Posted by Alex on April 9, 2008 – 6:46 pm

We’ll be rolling out some awesome new features Thursday April 10th, which means that Ning and your networks will be unavailable from 9pm to 9:30pm Pacific Time.
If you’d like to see how things are going, the Ning Status Blog is the place to hang out.
Posted by Gina Bianchini on March 7, 2008 – 6:33 pm
Performance and stability is our number one priority. In this context, you can probably understand just how un-awesome we rate this week. It was atypical and we are committed to ensuring that it stays that way.
As a free service, we love that you hold us to the same uptime standards offered by an expensive service provider. While we don’t offer Service Level Agreements, we are committed to providing you the absolute best, highly scalable platform for creating your own social network for anything.
To put the atypicalness of this week in context, here’s our uptime statistics for the past two months compared to the first week in March:

In January, we had 99.72% uptime. In February, it was 99.41%. And for the first week of March - also known as this week - our uptime as a percentage of the first 7 days is 95.51%.
The issues this week were primarily (but not exclusively) a result of the distributed caching issue that we talked about on Monday. This issue has been resolved and is now closed.
Separately, today we had a six minute downtime which was preceded by 20 minutes of slowness and errors on the social networks across the Ning Platform. We quickly identified and resolved the issue, which was separate and distinct from the distributed caching issue earlier this week. We are currently working on a patch to ensure today’s issue doesn’t happen again.
To be clear, none of these events have been a result of challenges scaling individual networks or the platform as a whole. The Ning Platform has demonstrated nothing but grace under pressure while quadrupling traffic in the last two months.

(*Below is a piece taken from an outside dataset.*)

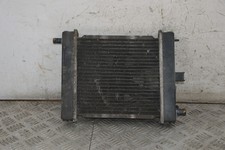 86906- Radiatore Con Elettroventola Kymco XCiting 250 Carburatore Dal 2005 Al 20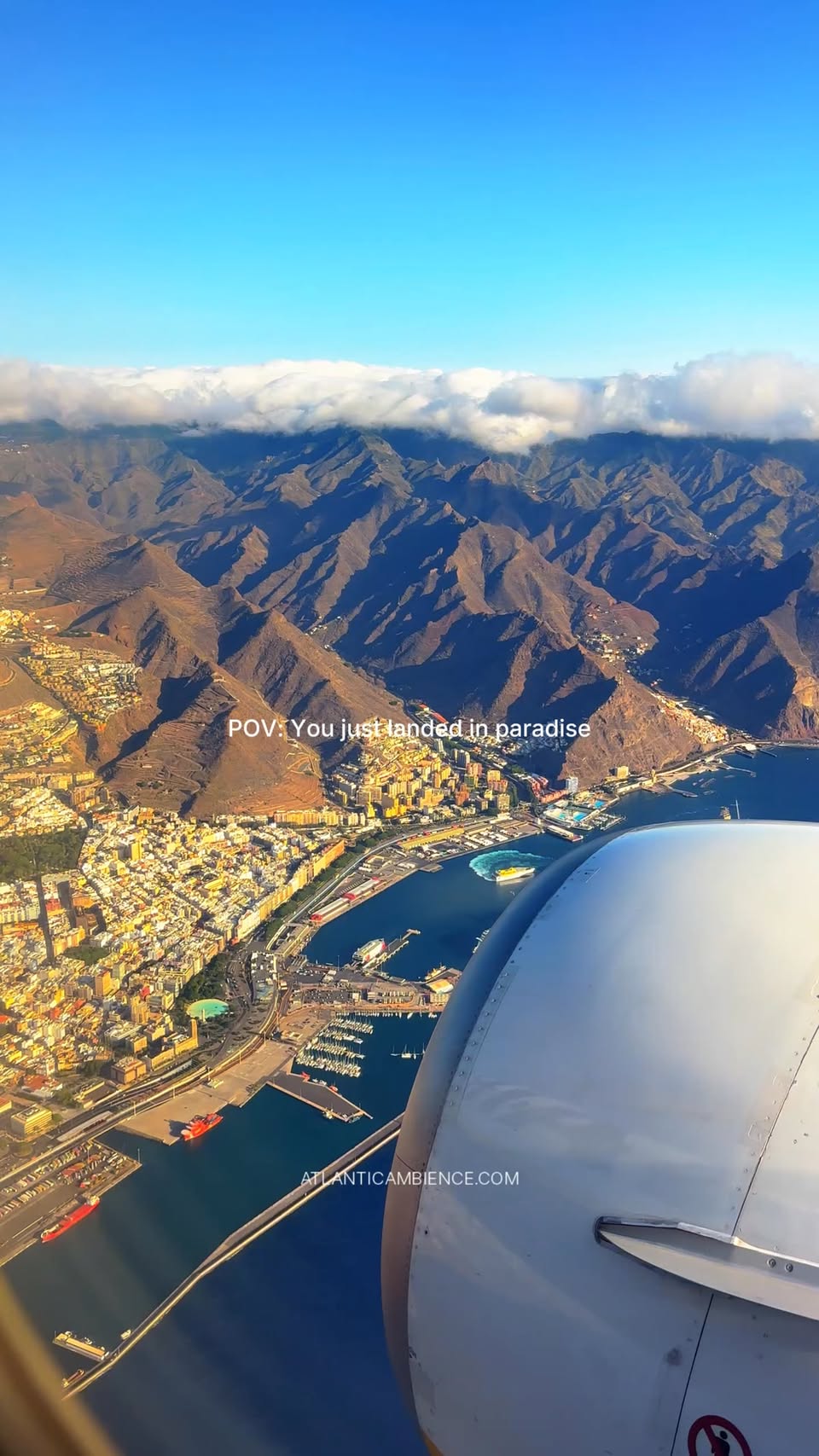 Tenerife's Natural Wonders and Coastal Charm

It continues to hum along happily today despite over 1.5% daily compounding page view growth.
We take this week’s unplanned downtimes extremely seriously. Our goal at this point is to eliminate any additional unplanned downtime this month while limiting the planned maintenance windows for new releases to critical issues that need to be addressed. The proof of our work will be in the pudding, namely our continued goal of well above 99% uptime.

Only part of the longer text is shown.